Do people consider a billion to be a large number anymore? It kind of seems mudane, as it is common for corporations to make billions of dollars, there are billions of people in the world, and personal computers have billions of bytes of memory.

Do you have any favorite examples of a billion that make it seem really BIG? It takes 30ish years to live a billion seconds, but that isn’t all that shocking. How about saying it a billion ______ would cover all of North America, or a billion ______ would reach from the Earth to Jupiter? Or whatever. Lets just go dimensionally trivia crazy.

A single word is, well, a single word. This post contains 65 of them.
But a billion words? That’s a little more than eighteen hundred copies of War and Peace, somewhere between a hundred and a hundred-twenty copies of the complete US Tax Code and associated regulations, about twenty complete sets of the Encyclopaedia Britannica, or three complete printouts of every Wikipedia article in English.

A billion? Small change.

One Billion Dollars, for as little as 17 cents each.

Ten billion, twenty-three thousand, five hundred and fifty-two Pennies, about the size of 50 school buses.

Well, there’s only 300 million documented people in the U.S., 1 billion would be a lot.

An ice cube, 250 feet by 250 feet by 250 feet, would weigh approximately a billion pounds.

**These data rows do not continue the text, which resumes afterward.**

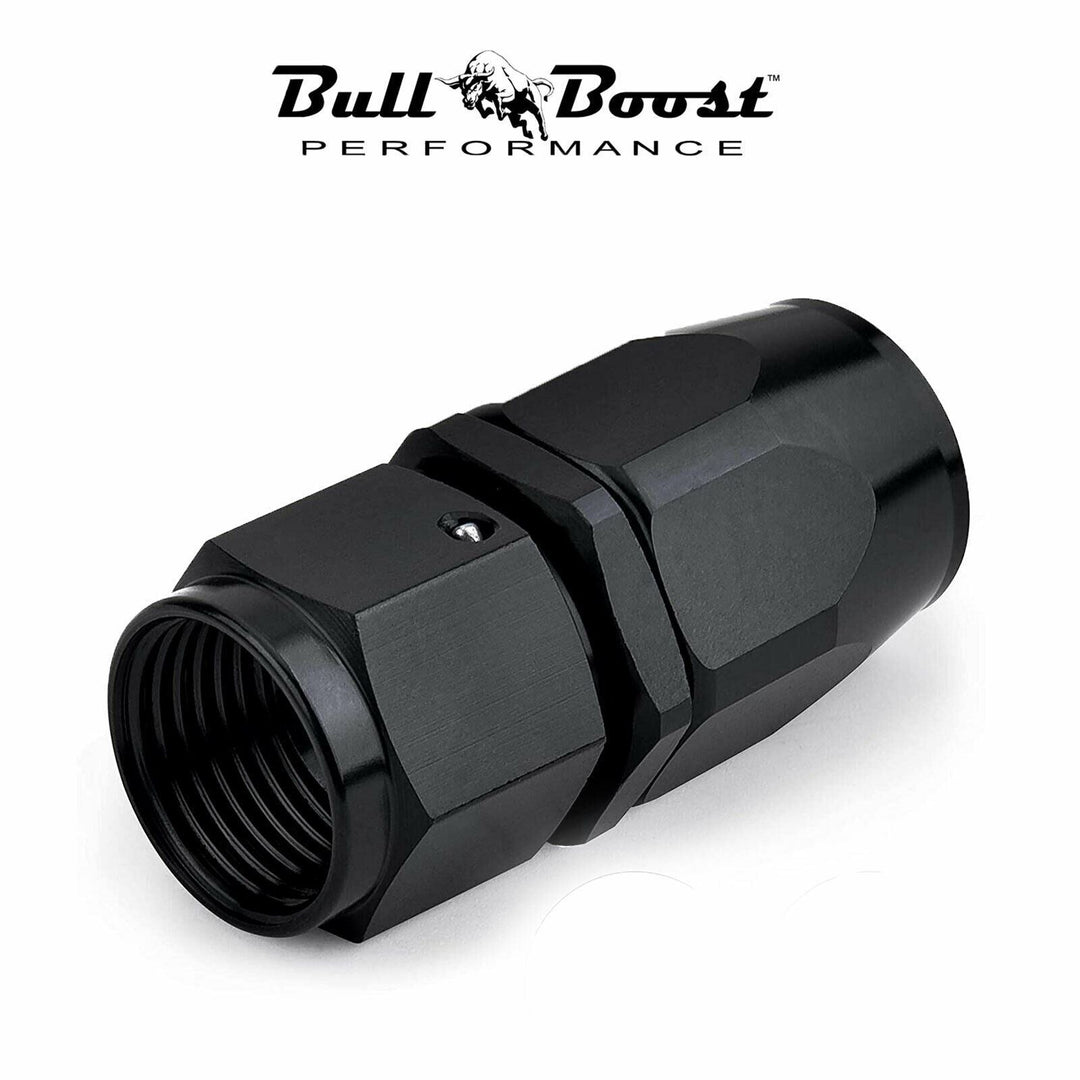 6 AN Straight Billet Swivel Seal Braided Steel Hose End Fitting Oil/Fuel/Water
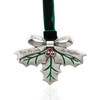Under the Mistletoe Metal Christmas Tree Ornament Holiday Decorations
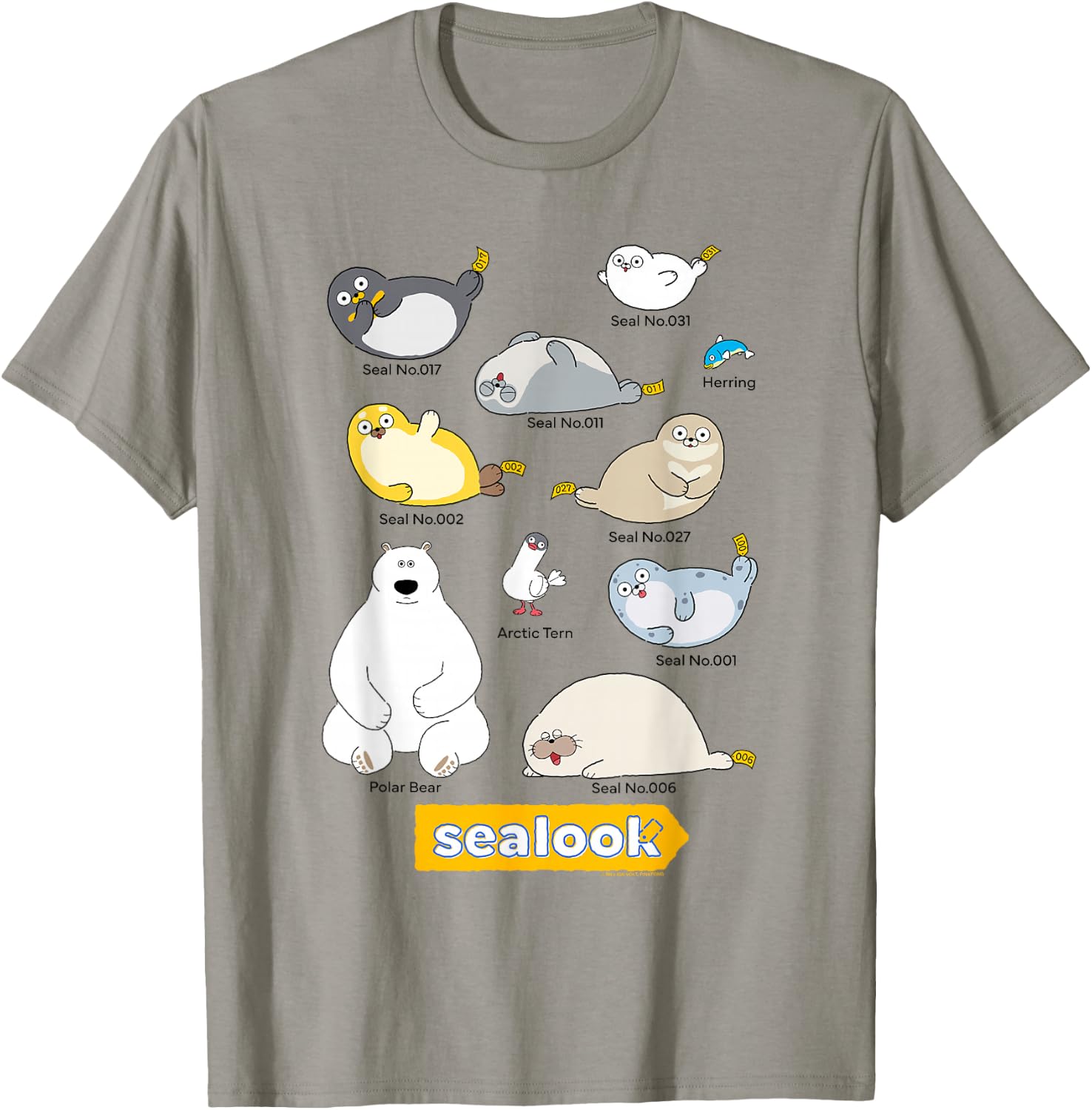 Sealook Characters T-Shirt - T-Shirt | Sand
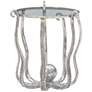 Octavia Octopus 20" Wide Silver Side Table
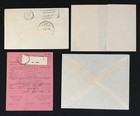  Palestine   Israel 1937 1944 - 6 X Cover  Card   Varia   F vf 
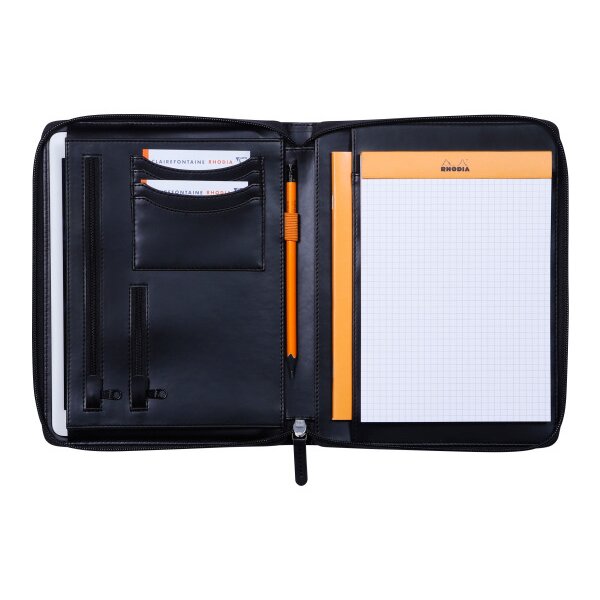 RHODIA Conférencier A5 168100C noir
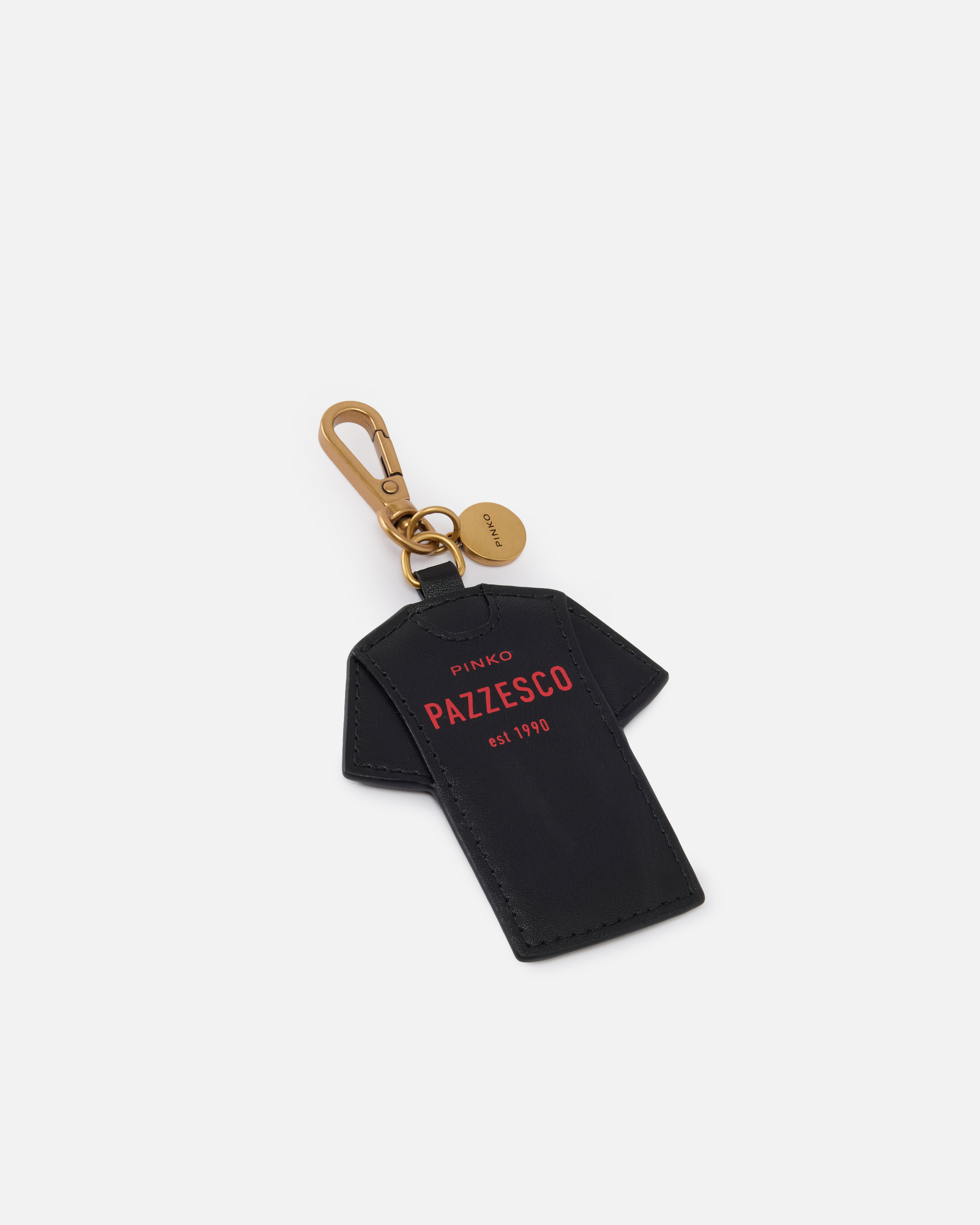 PINKO PAZZESCO t-shirt keyring charm 1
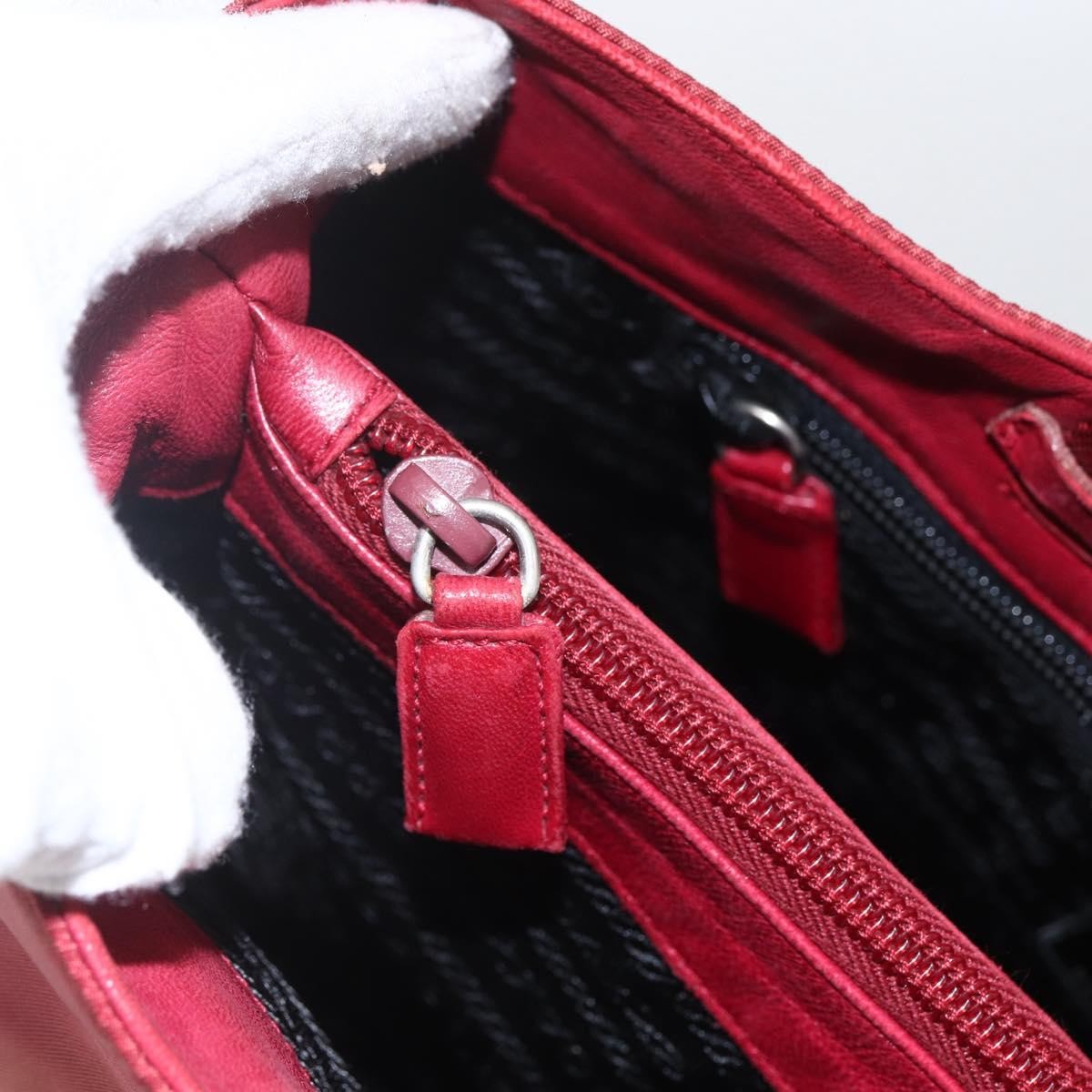 Prada Vintage Tote Tessuto, RED, NYLON, Tote bag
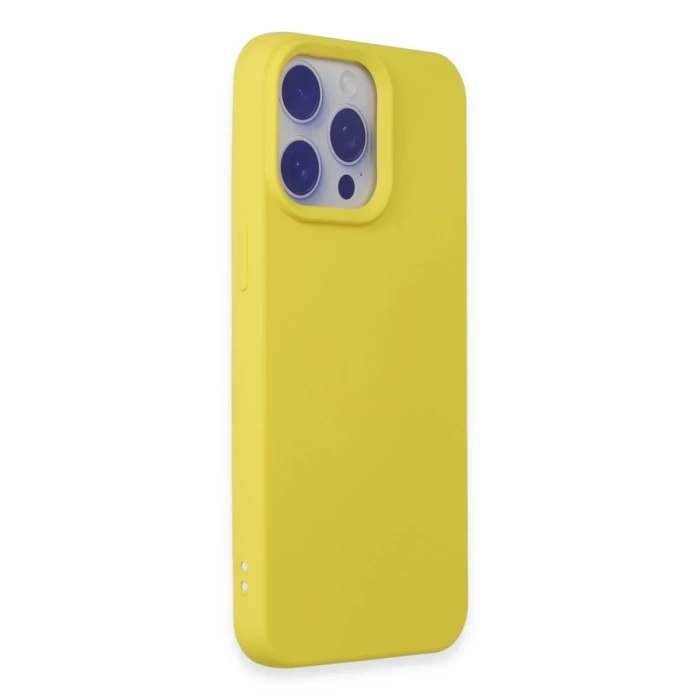 Newface iPhone 15 Pro Max Kılıf Nano içi Kadife Silikon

Oh, I remember a good one. FatWallet sponsered someone demonstrating how much a million dollars is.

I like to think of it this way, line up all the people in the world and every sixth will be Chinese (which is actually a bit more than a billion, but you get the idea)

A billion is the population of India as of a few years ago. China has been way bigger than that for some time.

A cube of water 1km on a side weighs a billion tonnes (rather bigger than a billion tons US).

A billion characters would be equivilant to 300,000-350,000 pages of A4, size 10 print, or a gigabyte of text.

Here’s an interesting number:

http://www.miamisci.org/tripod/whysand.html

Shouldn’t that be “seven quintillion, five hundred quadrillion”?

Yeah, its 1.3 Billion isn’t it?

A billion is one hundreth of Dr Evil’s ransom demand

If you sat a billion monkeys down at typewriters to produce the complete works of Shakespeare, then allowing for a 44-key typewriter and assuming you don’t care about capitalization, one monkey on average would get as far as "To be, or not " before going wrong.

Give or take.

Something about 2000 ft long. The CN Tower is pretty close.

Those aren’t very good examples though, because people don’t have a good feel of how far Jupter is or how large North America is. How about:

[ul]
[li]A new car can be expected to last about 1 billion feet (~190,000 miles). [/li][li]Go into a Starbucks and order coffee-based drinks one after the other, as fast as they can make them. It’ll take 190 years to use up \$1 billion. (Assuming 30 seconds per drink, \$5 each)[/li][li]If you watch TV for 8 hours a day, it will take 2000 years to have seen one billion commercials. (Assuming 20 minutes of commercials per hour, averaging 15 seconds each.)[/li][/ul]

Even fake currency attracts the babes, I see.

[QUOTE=scr4]
…[ul][li]Go into a Starbucks and order coffee-based drinks one after the other, as fast as they can make them. It’ll take 190 years to use up \$1 billion. (Assuming 30 seconds per drink, \$5 each)[/ul]…[/li][/QUOTE]
You must hang out in different Starbucks than I’ve ever seen. I fugure 2 minutes per drink, IF it’ sjust plain black blend-du-jour coffee. The espresso or frou-frou drinks are more like 5 minutes apeice. Which is why I almost never go into a McBucks unless I can see I’ll be the first customer in the non-line.

With one billion dollars, you could buy 3 homes worth 1 million each in every country in the world, then 3 homes in each state in the US, 3 in each province and territory of canada, 3 in each county in England and 3 in each state and territory of Australia. (for those playing along at home, that would be 933 homes)

With the leftover money you could have a car worth 75,000 US dollars parked in the garage of each of them.

Envision the largest city you’ve ever seen, at the peak of rush hour. The constant masses of people flooding every reasonable bit of pedestrian space, trying to get to where they need to be. The streets themselves just one massive, contiguous traffic jam. People attempting to bypass the ground-level crush, instead packed to the gills underground, on elevated trains, or even over water, depending on the city. Many, many people already working, filling up skyscrapers thirty, fifty, eighty stories tall. Just as many still at home, perhaps sleeping in preparation for a different shift, taking care of kids, telecommuting, retired, or on holiday. And this pattern repeats over the vast tracts of land that make up the entire city proper. Mind-boggling how many people that all is, isn’t it?

That’s fifteen million, tops. It would take over sixty of those massive crushes of humanity to make up a full billion people. (And we have six and a half of those.)